Methodology and Confidence
This May 2026 report was generated on June 10, 2026. Latest direct national data: May 2026. Latest direct Kansas City, MO-KS data: June 2026.
Confidence: Overall confidence: Medium. The local picture is usable but not deep, so some conclusions lean on statewide category trends and job-posting patterns.
Limitations
- Kansas City-specific hard labor data for this category is limited and slightly lagged, so the most current direct metro read here is the April 2026 unemployment rate and the latest local layoff context is from March 2026.[1][5]
- Where metro occupation-level series were not available, Missouri statewide Engineering & Scientific employment, postings, and salary data were used as a proxy for the Kansas City market.[2][7][24]

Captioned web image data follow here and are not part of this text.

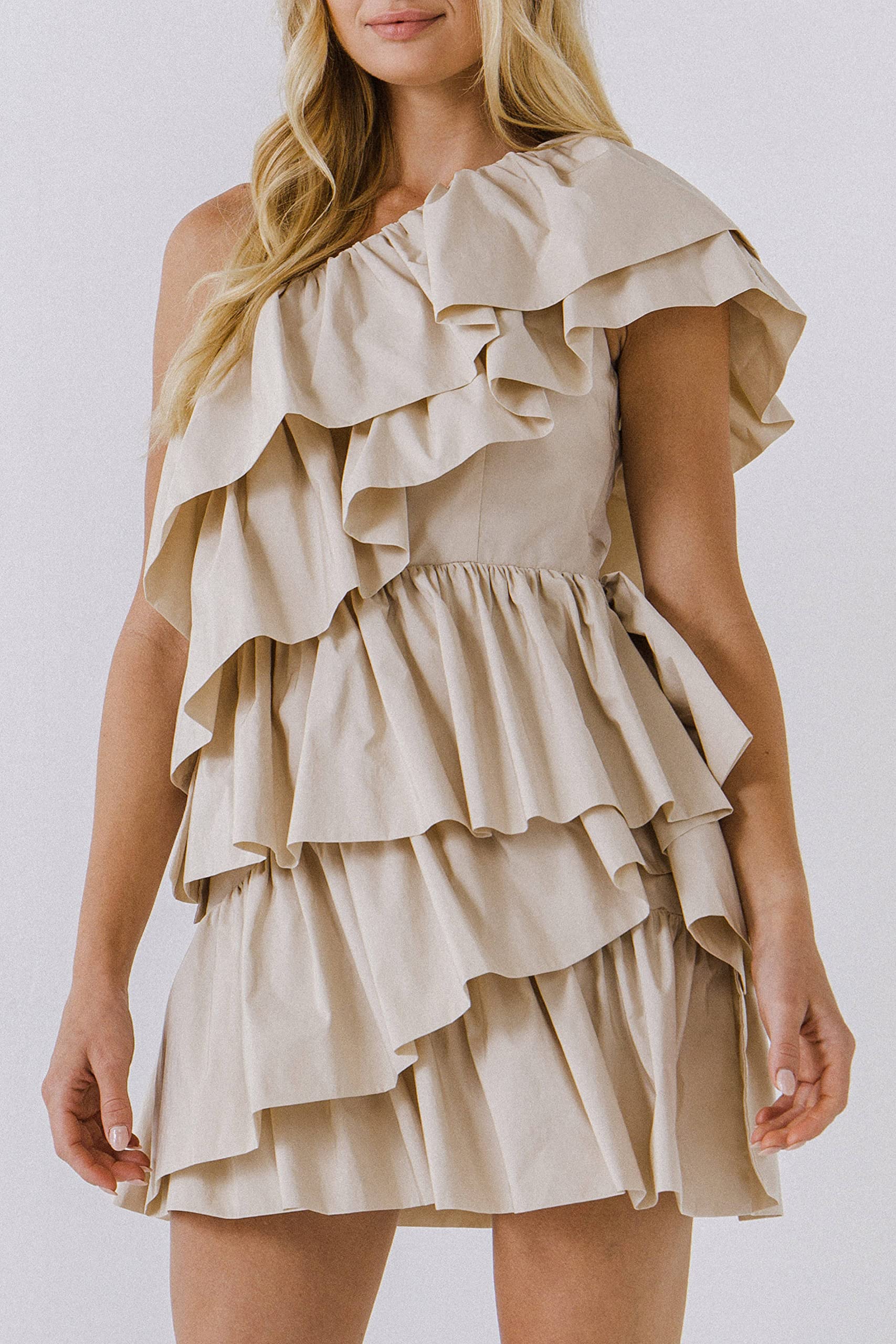 Endless Rose Women's One-Shoulder Ruffled Mini Dress - Sexy Cocktail Party & Date Night Outfit for Summer Vacations & Special Occasions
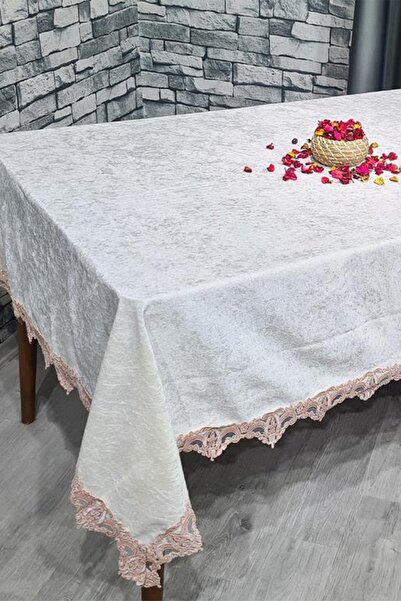 Çeyiz Diyarı Selma Lace Velvet Jednostruki Stolnjak Krem Boja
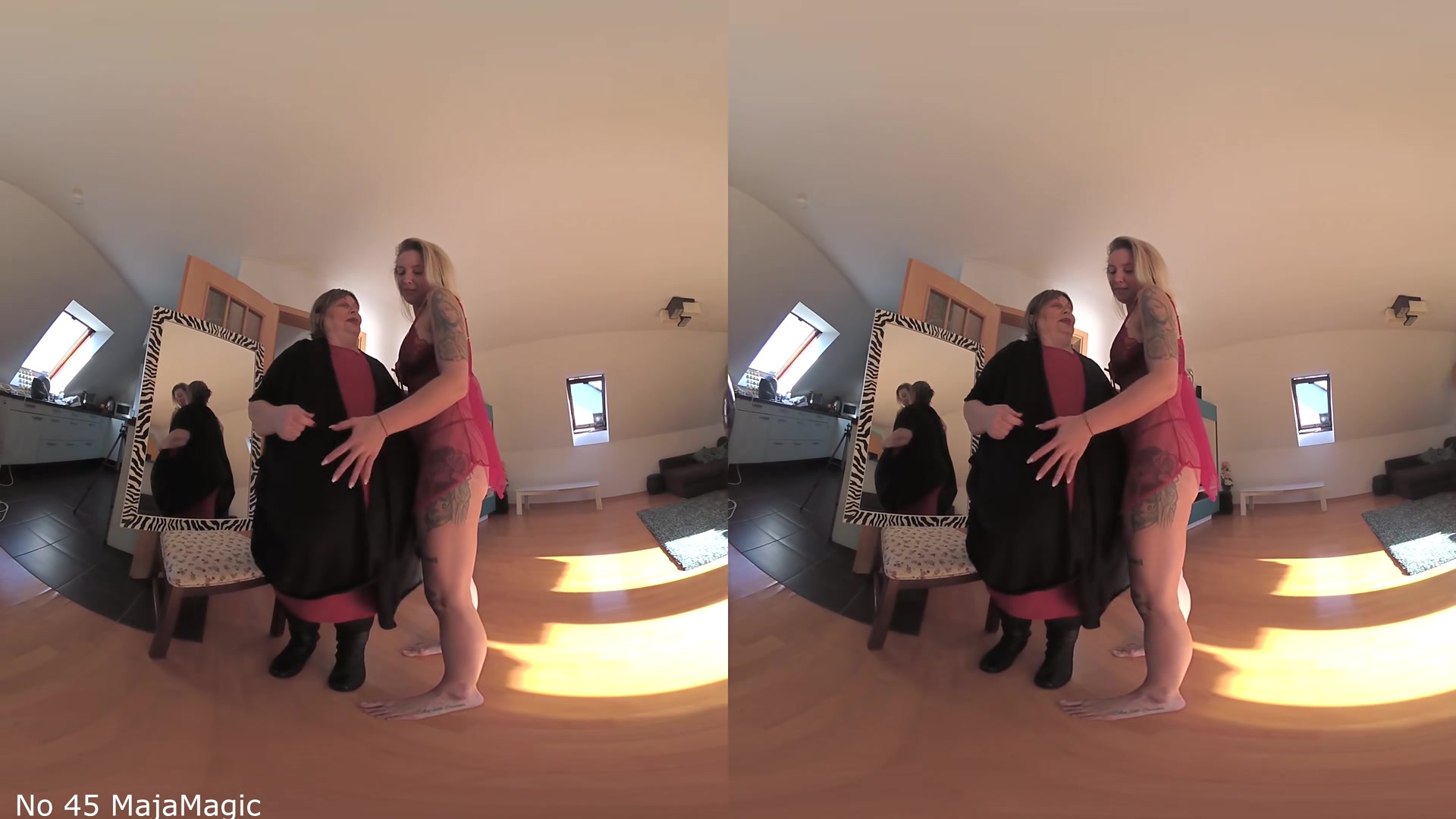 The Red Dress Strip With Karola And Rose - MajaMagic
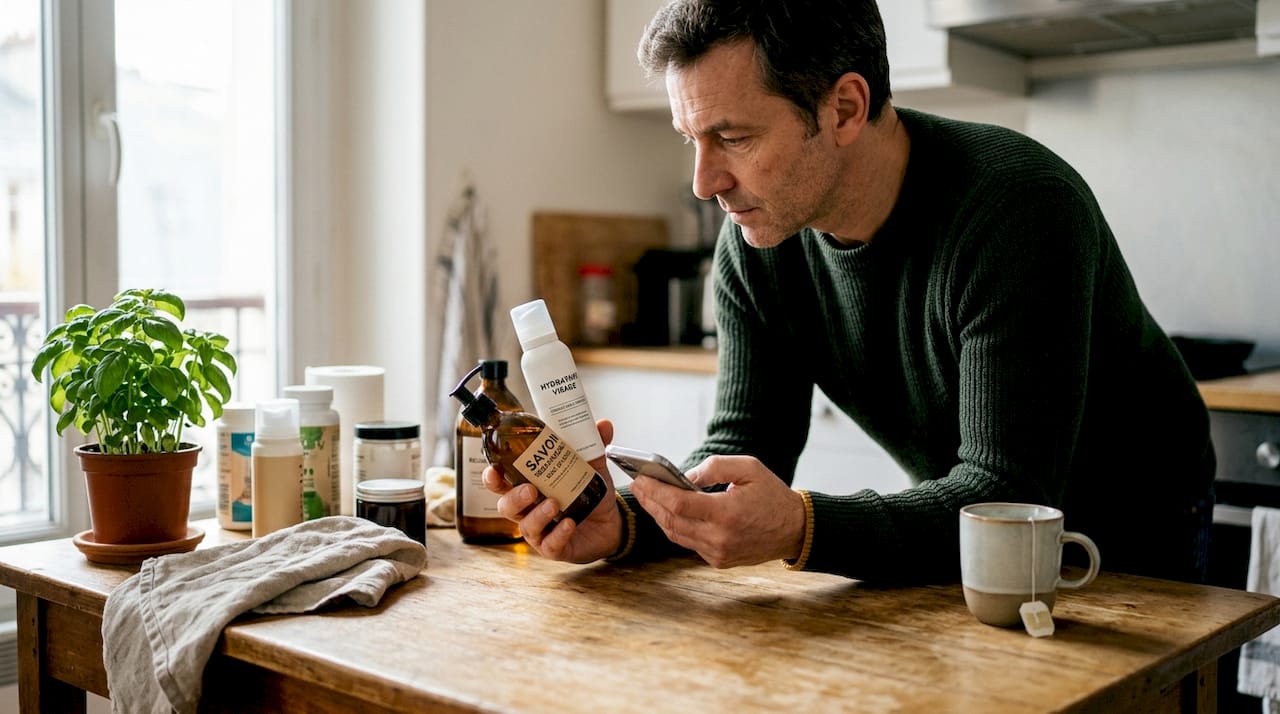 Un homme hésite entre deux soins cosmétiques faits maison, cherchant à déterminer lequel lui conviendra le mieux.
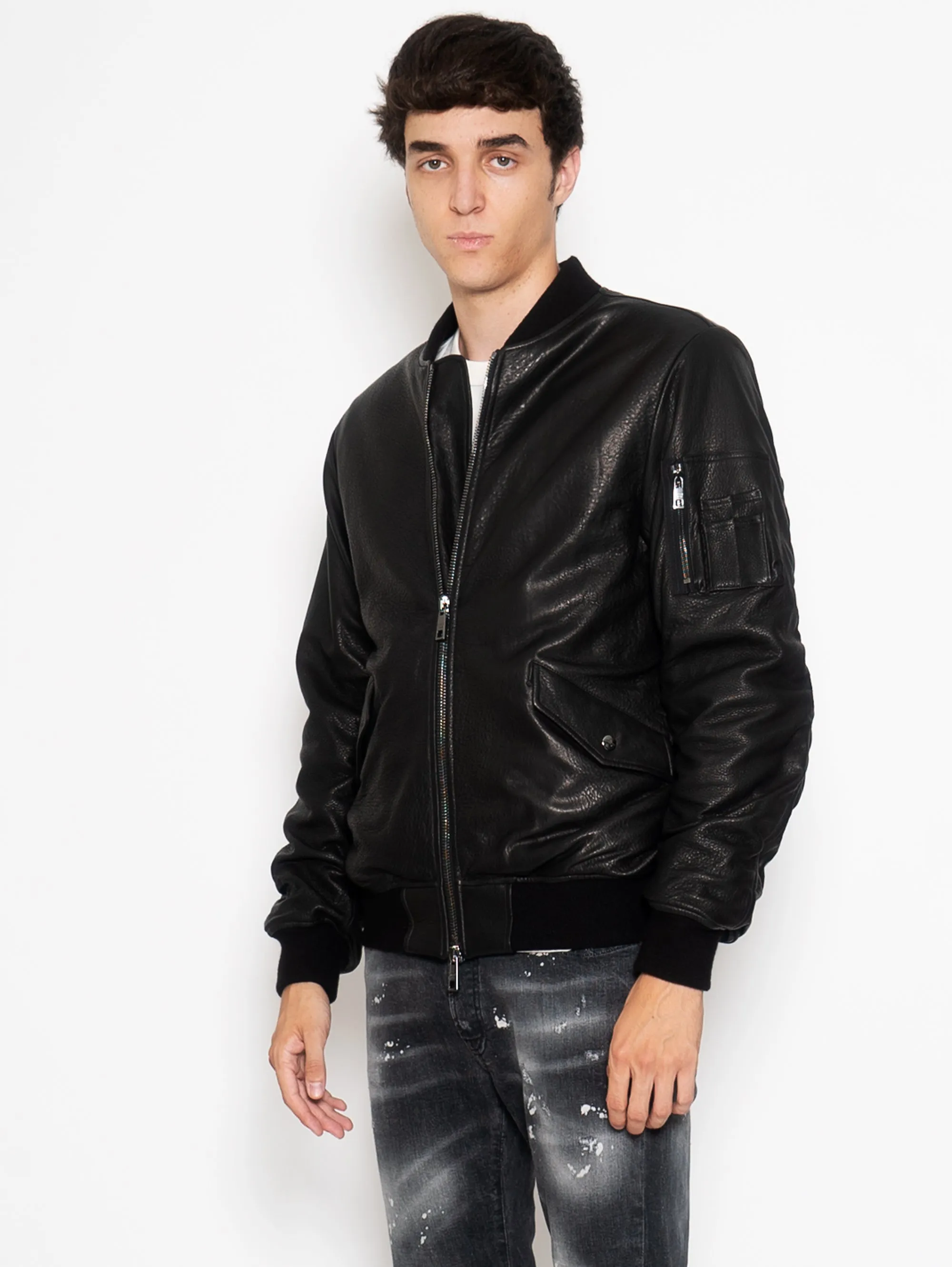 Black Leather Bomber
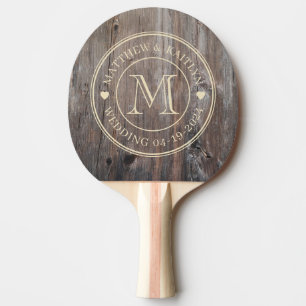 Worn Planks Wedding Monogram Heart Ping Pong Paddle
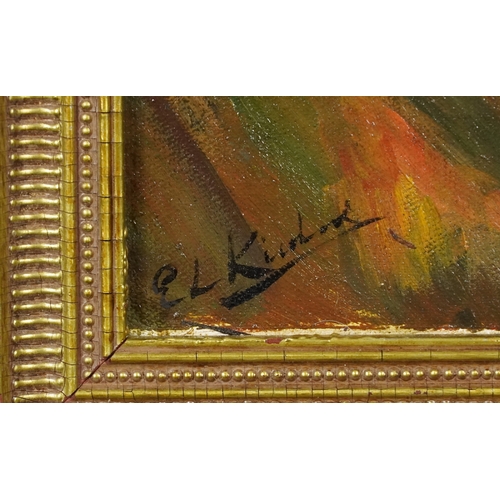 2569 - Manner of E L Kirchner - Standing nude female brushing her hair, German Expressionist school oil on ... 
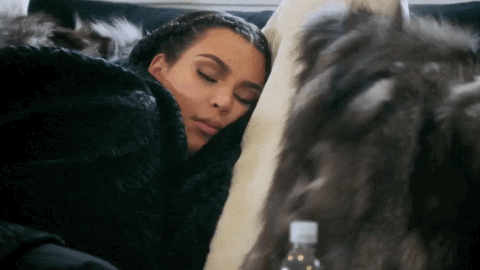 Kim Kardashian taking a nap.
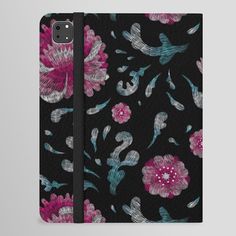 a black phone case with pink and blue flowers on the front, along with an intricate floral design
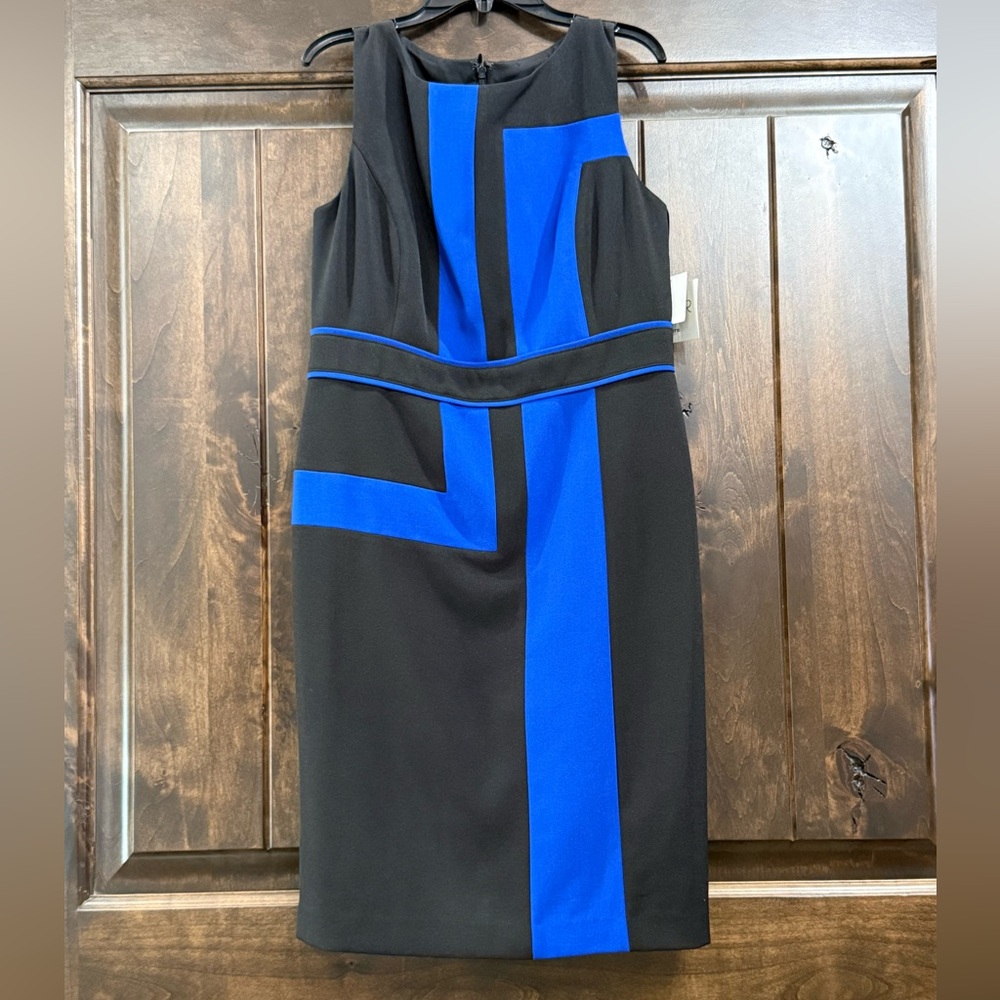 Kasper Black and Electric Blue Geometric  Dress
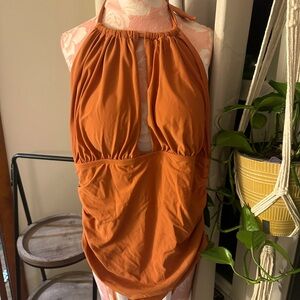 Burnt orange one piece Bathing Suit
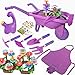 Qtioucp 16Pcs Kids Gardening Tools Outdoor Toys Set Backyard Play with 93 PCS DIY Flower Garden Building Preschool Activities Purple - Image 4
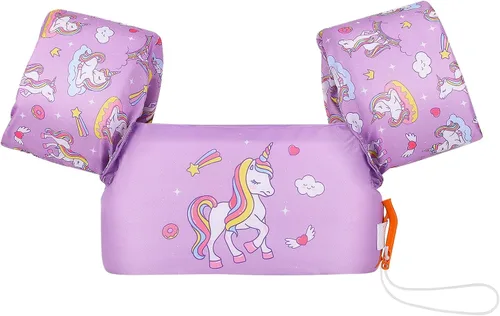 Miniatura 22 de MoKo Chaleco de natación para niños pequeños, flotadores de brazo de natación de 22 a 66 libras, niños y niñas, con dibujos animados, alas de agua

- This category groups several different labor markets together—from civil and mechanical engineering to lab and research roles—so pay, credentials, and competition can vary sharply by specialty.
- The Callings.ai job database is a partial, deduplicated sample of online postings, so leading employer names, seniority mix, work arrangement, and repeated skill patterns are more reliable than exact counts or exact market shares.[3][16][6][4][11]
- Some national figures used for context are preliminary or economy-wide rather than Kansas City engineering-specific, so use them as backdrop for timing, not as a forecast for any single employer or subfield.[21][8][9][10]